An hour later they returned, tired and dusty from having fruitlessly (and duck-lessly) searched the whole camp and surroundings. Babs' ears were drooping. "Well, isn't that just ducky," she said bitterly, throwing her mirror-fronted helmet down with a clang. "The first time anybody – ever – has wanted to find that duck – he's ducked out on us!"

Although Danforth had no exact idea where he was either, there was a moving spot on the map of KazakhsToon somewhere that pinpointed his position second by second. For two other waterfowl, things were not so simple.

"So, Shirl, just what do you see down there?" Plucky asked curiously. He had heard Shirley describe the abstract harmonies of the upper spirit plane many times, and was amazed she had got it all wrong. To him, they were two craft docked together in low orbit – very low orbit. The curve of the atmosphere was almost level with their beaks, and a slight buffeting showed they were already heading into it.

Shirley sighed. "I see the Tenth Veil. It's the threshold of the material world, and it's a mess. All mortal needs, desires and totally unbalanced emotions distort it. Like looking at low cloud over an industrial city – you can't see through it but there's thermals and smoke rising out of it, you know?" She raised her eyes the other direction to where the Eleventh Veil rose in a pristine arch, now out of reach.

"So – how do we get from here back to our fine feathered bodies?" Plucky poked the immaterial shield Shirley had placed around both their auras. "I don't see any wings or steering jets on this hayride."

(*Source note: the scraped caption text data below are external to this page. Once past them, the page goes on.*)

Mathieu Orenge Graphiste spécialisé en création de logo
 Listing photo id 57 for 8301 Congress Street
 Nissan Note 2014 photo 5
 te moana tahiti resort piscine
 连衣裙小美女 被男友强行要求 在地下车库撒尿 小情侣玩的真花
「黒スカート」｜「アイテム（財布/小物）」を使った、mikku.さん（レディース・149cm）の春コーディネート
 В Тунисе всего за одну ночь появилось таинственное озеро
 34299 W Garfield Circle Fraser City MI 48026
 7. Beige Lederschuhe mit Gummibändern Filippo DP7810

Shirley looked into his eyes. "Plucky. When you like pollute your karma playing that way gross "Retro Rocket Rumble" – what happens when you throw some hideous nuclear guano in a re-entry vehicle at some Toon's's home city – probably because you don't like their socks, or some junk?" She had watched Plucky on his Numbmindo box often enough to worry if there was such a thing as 'passive gaming'.

"Whoo-hoo! Atlas warhead! Retro-tech or what?" Plucky's eyes lit with delight. "That's a blunt, chunky piece of copper slamming straight into the atmosphere, pulling a hundred G's right the way down! White-hot metal vapour boiling off all the way, streaking right across the skies – radar sees it halfway across the continent, that's the only downside." Suddenly he stopped enthusing, and blinked. "Uh-oh. You mean – that's going to be us?"

Shirley nodded. A slight smile appeared on her beak. "That's us. And Plucky? Later – if we get a later – you and I are going to have a long talk about why Miltech stimulates your basal chakra, 'kay?"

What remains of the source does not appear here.